→ **Task directions**
Quote the lines below from the one containing "Cabbeen Men's Jeans" to the final line, both ends included; exclude the pictures.

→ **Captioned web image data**
------------------------
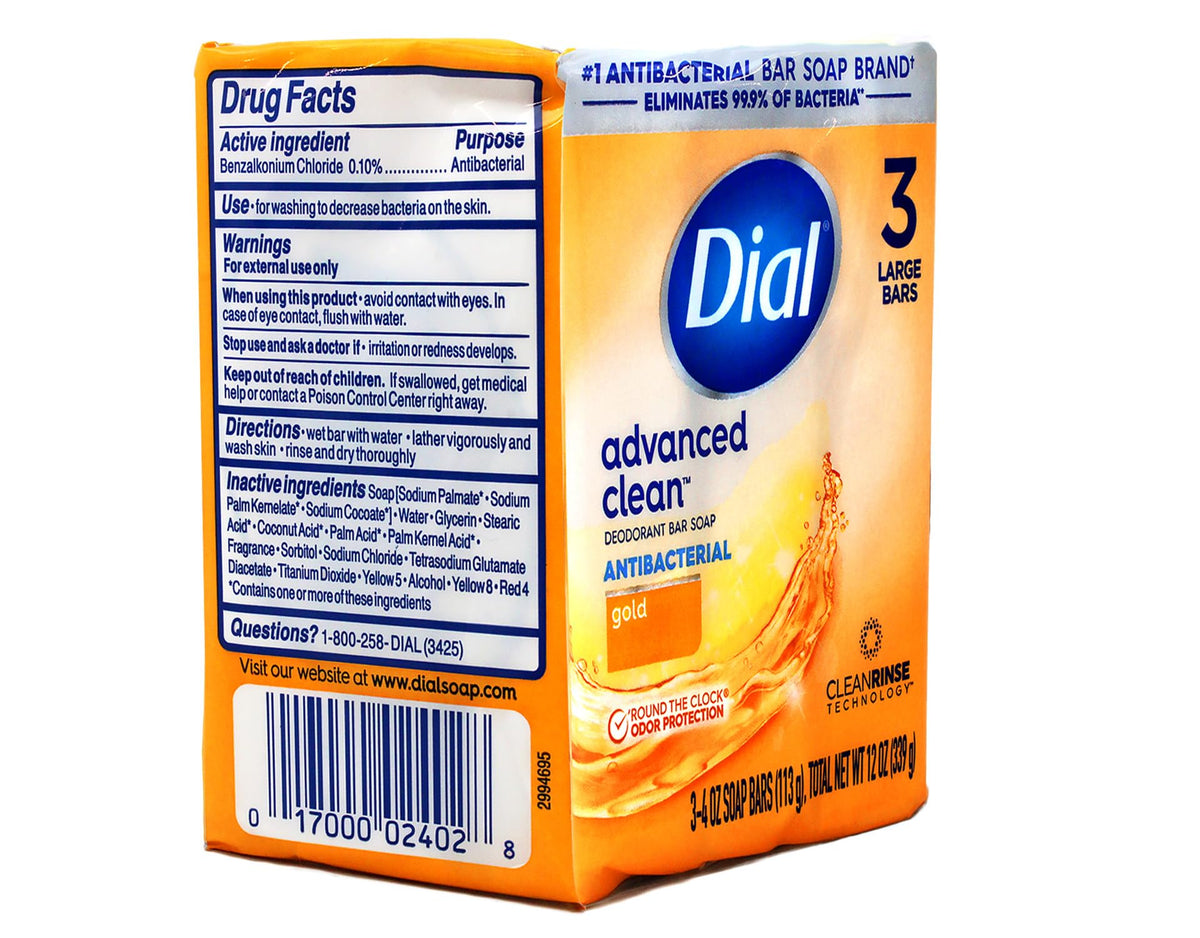Dial Advanced Clean Deodorant Bar Soap Antibacterial Gold 3 Bars ๐ All In One Marketplace Canada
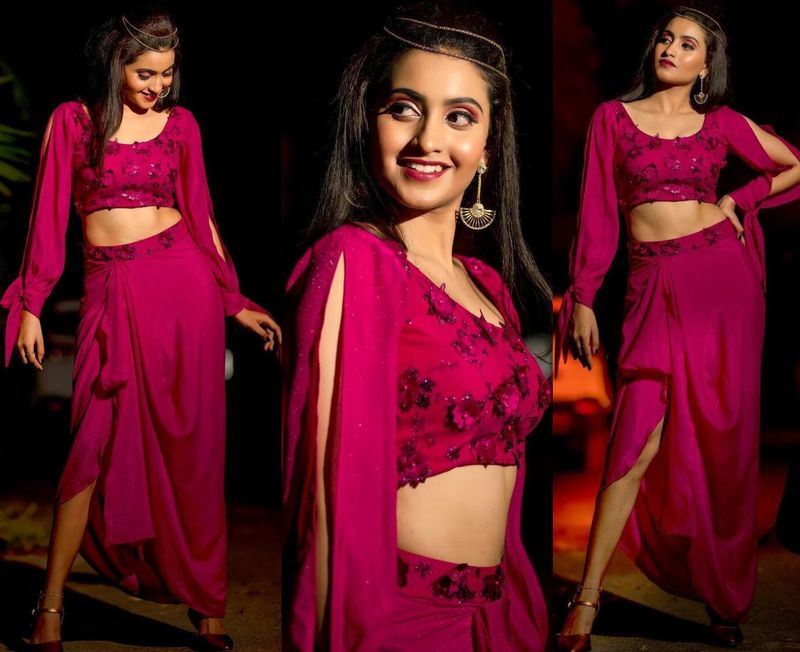 Dhee anchor Deepika pilli shines in magenta trendy wear her latest poses goes viral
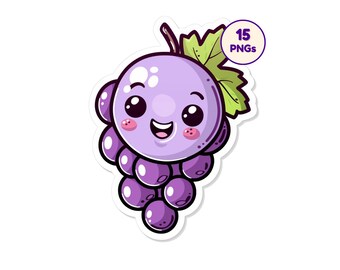Paquete de imágenes prediseñadas PNG de frutas kawaii, personajes de comida sonrientes y adorables, conjunto de ilustraciones dulces y coloridas, gráficos de pegatinas para niños, descarga de dibujos animados divertidos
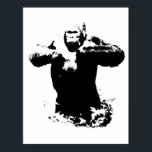 Gorila de arte pop golpeando a Poster de pecho<br><div class="desc">Estilo Pop Art Imágenes Modernas de Computadora Animal - Arte De Software Elegante</div>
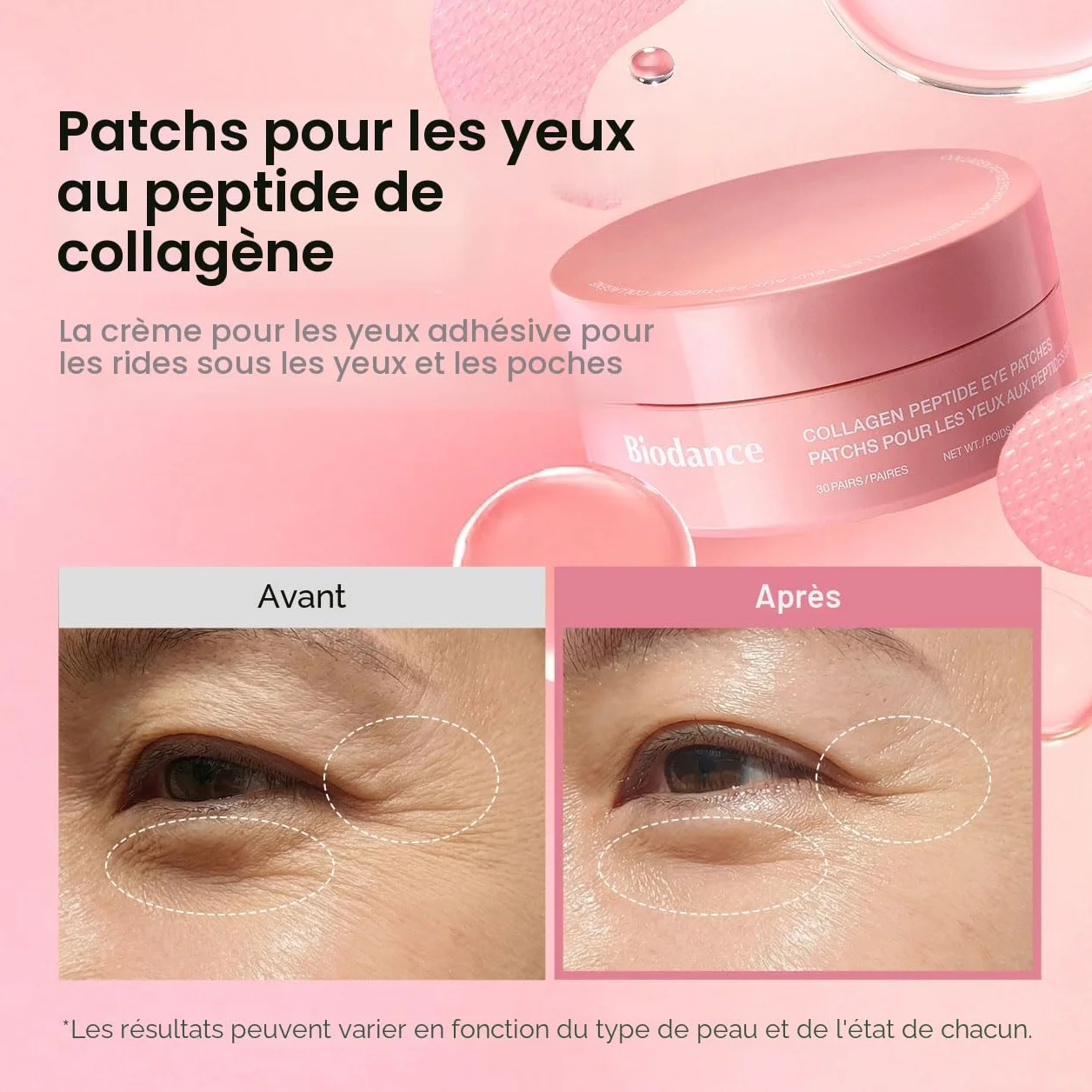BIODANCE Collagen Peptide Eye Patches Anti Wrinkle Smile Line Under Eye Mask Fine Lines Eye Bags Korean Skin Care 60 Count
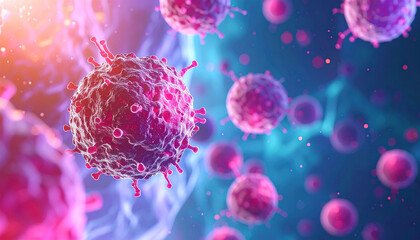 A vibrant 3d rendering shows dangerous magenta virus particles floating and multiplying within an abstract blue microscopic environment, evoking an alarming mood.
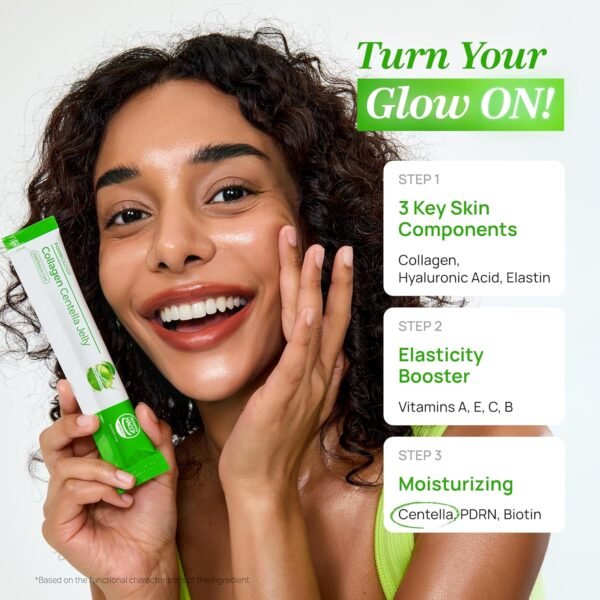 FOODOLOGY Collagen Centella Jelly (Green Apple) – Collagen Peptide with PDRN – Biotin, Vitamin A & E for Skin Glow, Hair & Nails – Korean Beauty Supplement – 10 Sticks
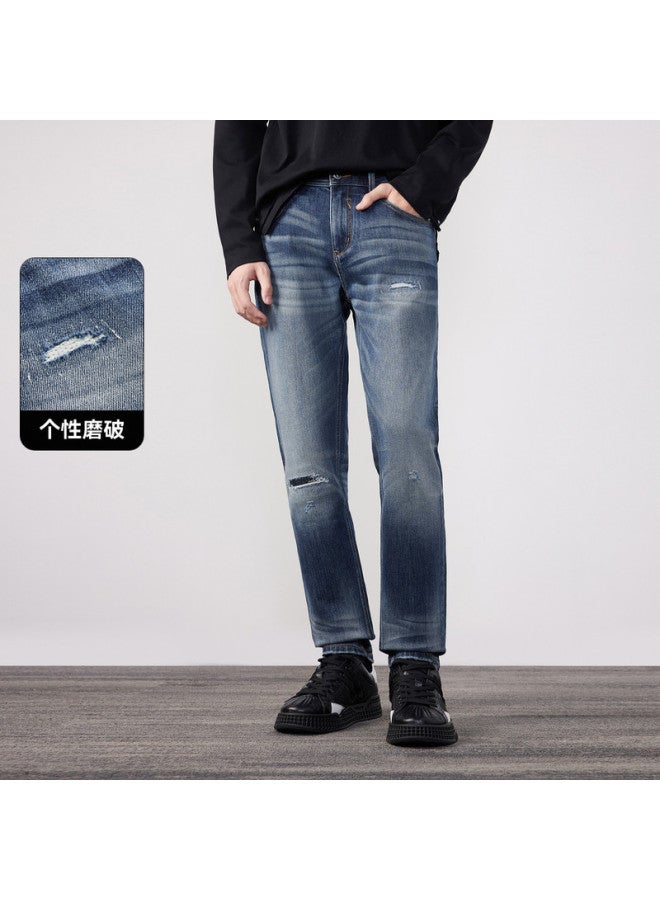 Cabbeen Men's Jeans Unique Enzyme Wash Personalized Distressed High-stretch Fabric Comfortable Winter Pants - Image 2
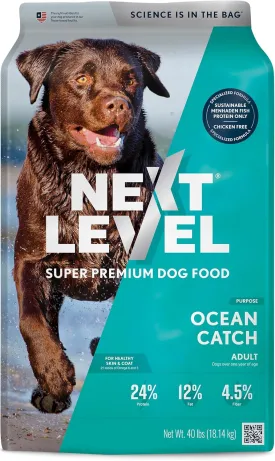 Next Level Super Premium Dog Food  Ocean Catch  Dry Kibble for Adult Dogs of All Breeds  24% Protein, Fish with Gluten Free Grains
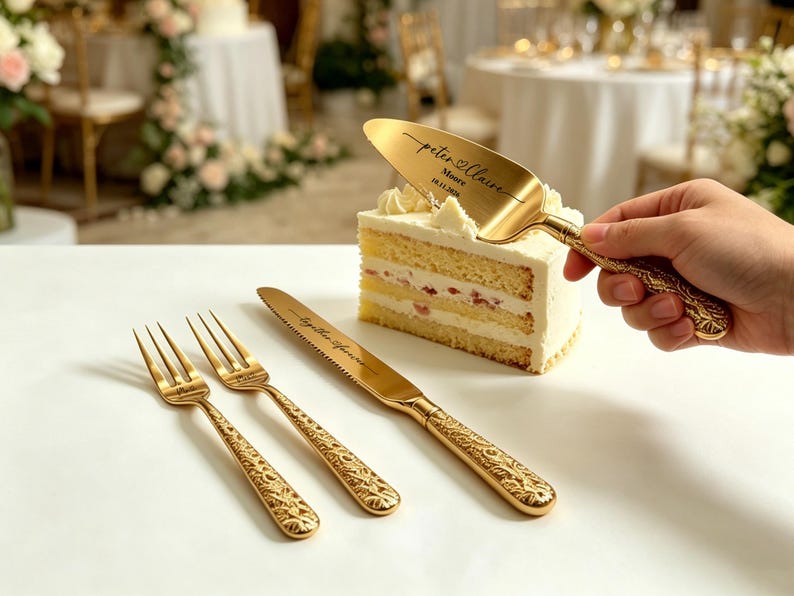 Personligt tårtkniv- och serveringsset, Anpassat serveringsset för bröllopstårtor, Genombrutet eller blommigt handtag, Graverad present bild 19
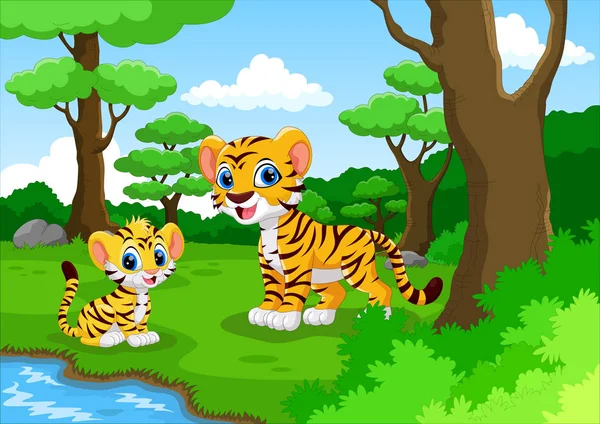 Tigre Dibujos Animados Bosque Con Lindo Hijo — Archivo Imágenes Vectoriales
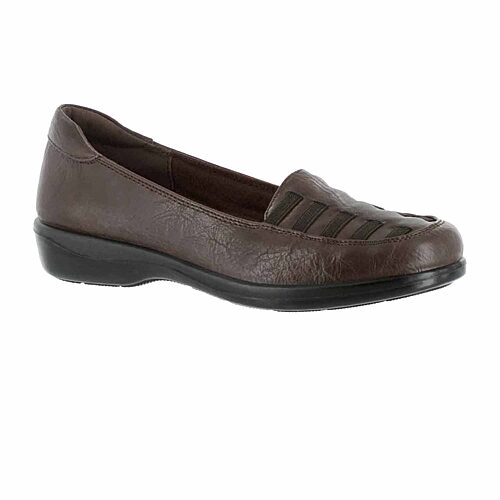 Easy Street Genesis Womens Round Closed Toe Loafers, 12 Wide, Brown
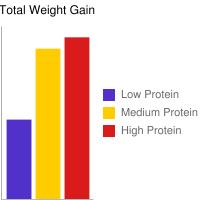 Chart of Total Weight Gain in Relation to Protein Intake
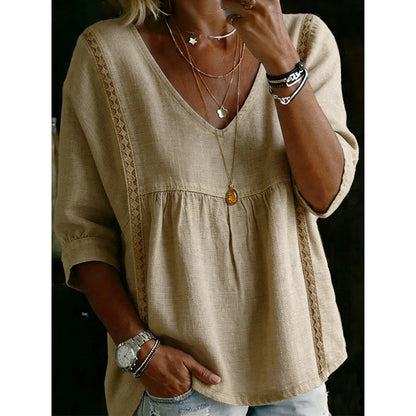👚 50% RABATT! ✨ Virales Spitzenbesatz-V-Ausschnitt-Top – Romantisch, leicht & empire-tailliert – Perfekt für einen eleganten Look im Alltag 🌸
------------------------
→ **Task result**
 Cabbeen Men's Jeans Unique Enzyme Wash Personalized Distressed High-stretch Fabric Comfortable Winter Pants - Image 2
 Next Level Super Premium Dog Food  Ocean Catch  Dry Kibble for Adult Dogs of All Breeds  24% Protein, Fish with Gluten Free Grains
 Personligt tårtkniv- och serveringsset, Anpassat serveringsset för bröllopstårtor, Genombrutet eller blommigt handtag, Graverad present bild 19
 Tigre Dibujos Animados Bosque Con Lindo Hijo — Archivo Imágenes Vectoriales
 Easy Street Genesis Womens Round Closed Toe Loafers, 12 Wide, Brown
 Chart of Total Weight Gain in Relation to Protein Intake
👚 50% RABATT! ✨ Virales Spitzenbesatz-V-Ausschnitt-Top – Romantisch, leicht & empire-tailliert – Perfekt für einen eleganten Look im Alltag 🌸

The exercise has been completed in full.